Creating Tables in Excel with VBA and External Data – Part II

In Part I, we looked at adding a data table to a Workbook which uses an external data source (we used OLAP but the process can be applied to any source). This post looks at manipulating an existing table.

Without VBA, we can manually manage the table – both the its properties and the underlying query. Simply right click on the table and select the Edit Query.. or External Data Properties from the popup menu. Changes are made to the table data are made automatically.

If we chose to edit the query, we can simply overwrite the Command Text (as seen in the image below). These changes well be automatically applied (including resizing the table by rows or columns for a different sized data set) once the OK button is clicked.

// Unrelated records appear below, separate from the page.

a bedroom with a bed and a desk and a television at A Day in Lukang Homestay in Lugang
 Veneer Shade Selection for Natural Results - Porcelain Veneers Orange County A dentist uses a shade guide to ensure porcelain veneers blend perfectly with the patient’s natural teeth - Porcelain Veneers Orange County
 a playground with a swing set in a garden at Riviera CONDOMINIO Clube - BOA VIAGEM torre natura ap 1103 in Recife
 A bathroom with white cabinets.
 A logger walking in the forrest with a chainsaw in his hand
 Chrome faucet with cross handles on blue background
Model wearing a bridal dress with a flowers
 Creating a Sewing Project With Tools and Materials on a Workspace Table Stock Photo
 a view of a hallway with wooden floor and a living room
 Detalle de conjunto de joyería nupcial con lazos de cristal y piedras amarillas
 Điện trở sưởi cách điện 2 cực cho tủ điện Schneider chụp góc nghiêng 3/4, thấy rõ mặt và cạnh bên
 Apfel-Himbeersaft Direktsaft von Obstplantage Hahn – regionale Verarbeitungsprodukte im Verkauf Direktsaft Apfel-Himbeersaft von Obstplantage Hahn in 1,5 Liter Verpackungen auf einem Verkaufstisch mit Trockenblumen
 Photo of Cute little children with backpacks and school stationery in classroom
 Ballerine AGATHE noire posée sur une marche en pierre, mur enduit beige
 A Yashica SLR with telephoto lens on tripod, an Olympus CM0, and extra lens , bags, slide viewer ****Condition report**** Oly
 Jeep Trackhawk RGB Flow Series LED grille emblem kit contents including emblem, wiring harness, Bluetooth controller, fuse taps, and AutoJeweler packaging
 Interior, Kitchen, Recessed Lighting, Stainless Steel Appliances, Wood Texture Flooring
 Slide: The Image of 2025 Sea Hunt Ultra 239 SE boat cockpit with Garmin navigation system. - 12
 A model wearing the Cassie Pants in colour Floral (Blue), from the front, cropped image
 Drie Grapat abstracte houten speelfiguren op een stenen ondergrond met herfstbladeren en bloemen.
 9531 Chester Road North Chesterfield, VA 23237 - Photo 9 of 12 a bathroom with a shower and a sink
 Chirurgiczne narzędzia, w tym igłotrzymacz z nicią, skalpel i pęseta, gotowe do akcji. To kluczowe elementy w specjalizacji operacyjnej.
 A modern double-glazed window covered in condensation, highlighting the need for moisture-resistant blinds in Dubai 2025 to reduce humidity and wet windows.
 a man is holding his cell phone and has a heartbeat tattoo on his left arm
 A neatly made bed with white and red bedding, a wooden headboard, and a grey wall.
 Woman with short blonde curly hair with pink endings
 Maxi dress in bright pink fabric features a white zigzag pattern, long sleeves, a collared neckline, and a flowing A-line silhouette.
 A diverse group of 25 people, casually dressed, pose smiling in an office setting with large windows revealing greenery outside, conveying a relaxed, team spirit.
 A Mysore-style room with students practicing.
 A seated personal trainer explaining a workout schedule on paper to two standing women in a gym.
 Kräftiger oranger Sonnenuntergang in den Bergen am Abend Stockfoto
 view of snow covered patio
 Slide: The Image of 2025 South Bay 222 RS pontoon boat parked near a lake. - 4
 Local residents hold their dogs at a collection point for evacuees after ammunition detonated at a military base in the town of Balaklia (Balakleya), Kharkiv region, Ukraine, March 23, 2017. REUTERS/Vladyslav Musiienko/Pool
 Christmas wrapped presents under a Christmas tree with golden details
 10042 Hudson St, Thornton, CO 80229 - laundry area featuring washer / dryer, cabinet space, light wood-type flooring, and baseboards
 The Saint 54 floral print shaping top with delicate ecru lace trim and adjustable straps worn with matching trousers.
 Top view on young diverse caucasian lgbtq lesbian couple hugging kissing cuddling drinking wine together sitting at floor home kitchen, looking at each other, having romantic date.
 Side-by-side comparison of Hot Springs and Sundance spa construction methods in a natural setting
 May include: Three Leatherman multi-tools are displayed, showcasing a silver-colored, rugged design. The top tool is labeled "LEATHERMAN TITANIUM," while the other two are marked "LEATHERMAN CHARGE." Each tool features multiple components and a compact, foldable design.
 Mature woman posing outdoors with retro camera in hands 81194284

For External Data Properties, we can configure how the table reacts with new data. For example, you may notice that, the table accommodates additional rows and columns however, when the query returns a table with fewer rows and columns, the table retains its old sizing (number of columns) and includes a blank columns (for data that previously existed). You can manually resize this (dragging the bounds of the tables border) or set the properties of the table to overwrite existing data. If you want to ensure that this option exists and that new sizes are automatically incorporated into the table – make sure that the check box for Overwrite is marked in External Data Properties.


VBA

Now to the VBA – As commandant Lassard would say “There are many, many, many, many fine reasons to use VBA”. We have so much flexibility but let’s keep it simple, here’s what we I’ve set up.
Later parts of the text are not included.